So you've decided to go it alone?

Here are three top tips to help get you selling on online marketplaces:

1. Focus on Feedback

For obvious reason, marketplace search algorithms tend to demote listings from new or low feedback accounts. After all, a new account might be an indicator of fraud (you've been kicked off lots of times but keep coming back) or, more innocently, of a new seller that doesn't yet have the experience to deal with high sales volumes.

To overcome this, you're going to need to build up the amount of positive experiences you're creating for buyers. Some strategies for this are:

Wait it Out!

You may just decide to wait it out and grow the account slowly. If you're product is in demand, you're likely to still be in good shape after 6 - 12 months following this strategy.

Bulk Up!

Sell complimentary, cheaper products to help boost your account. You might decide to buy a chunk of inventory at a low price and sell it (perhaps even at a loss) to quickly generate increased feedback. Remember that you will still need to provide excellent customer service and postage times and the product needs to be good!

For example let's say your main product is a high end desk organiser. You might choose to obtain a cheap source of good quality pencil sets and sell those at a small loss (to ensure sales). As your feedback tips over the 100 mark, the algorithm will stop penalising you so hard and buyers will have good reinforcement through on site messaging that you can be trusted.

This approach means you don't need to discount your own primary product which obviously might cause longer term damage.

2. Train the Beast

Algorithms can't look at a listing and tell implicitly whether it's a good product (at least, not very well). Most search algorithms therefore take a "wait and see" approach. If your item is getting good click through (and even better sales conversion) rates for particular keywords then it will assume that the listing is indeed relevant. It is in effect waiting to see people voting with their feet and then rearranging the results in response.

This opens up the prospect of helping the algorithm understand that your item is relevant for a particular keyword. You do this by enlisting a group of helpers, or reviewers. These people will buy the product after searching for it on the target site using specific key words that you provide e.g. "desk organizer".

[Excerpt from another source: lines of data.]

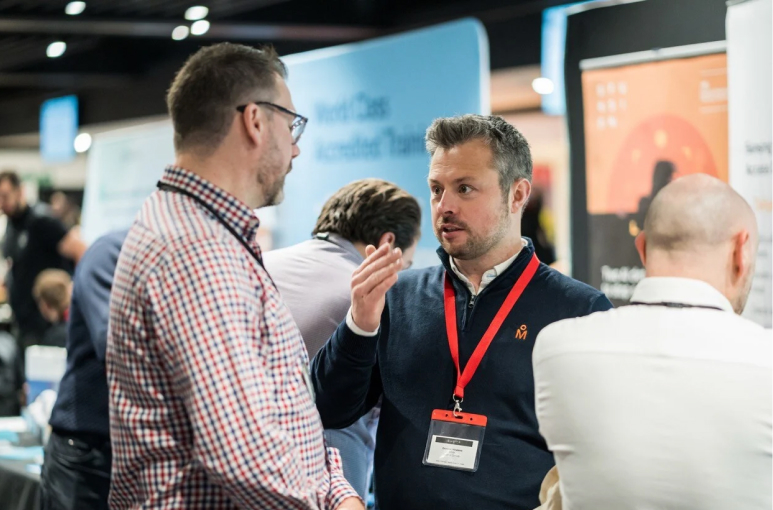 Dominic Howkins at the SHE Show talking to a customer
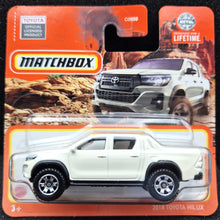 Load image into Gallery viewer, Matchbox 2023 2018 Toyota Hilux White #94 MBX Off-Road New
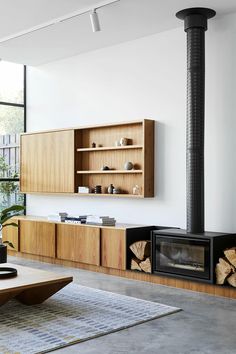 a modern living room with wood furniture and a flat screen tv mounted on the wall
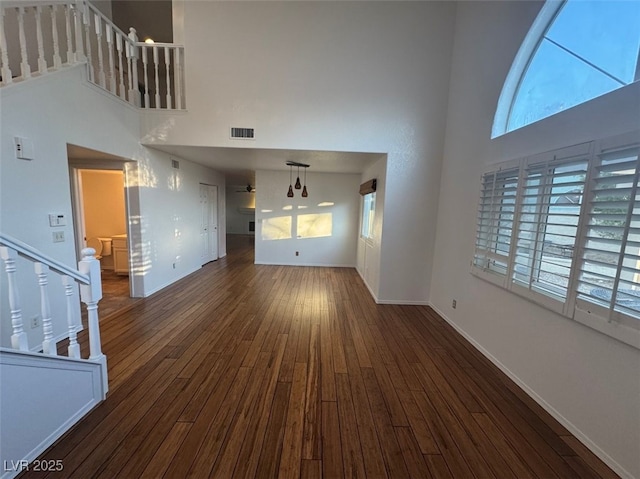 unfurnished living room featuring dark wood-style floors, visible vents, stairway, a towering ceiling, and baseboards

On Amazon, those people will also go on to leave a review of the product which further helps the algorithm and indeed buyers that might be looking for confirmation the product fits the bill.

Unless you have a particularly clever and dastardly plan for doing this (and be aware any such plan would almost certainly contravene the sites terms & conditions), this will often involve giving a large number of items away for free.

This can often be done using promotional code features but offline transfers of funds may also be needed in some situations depending on the site.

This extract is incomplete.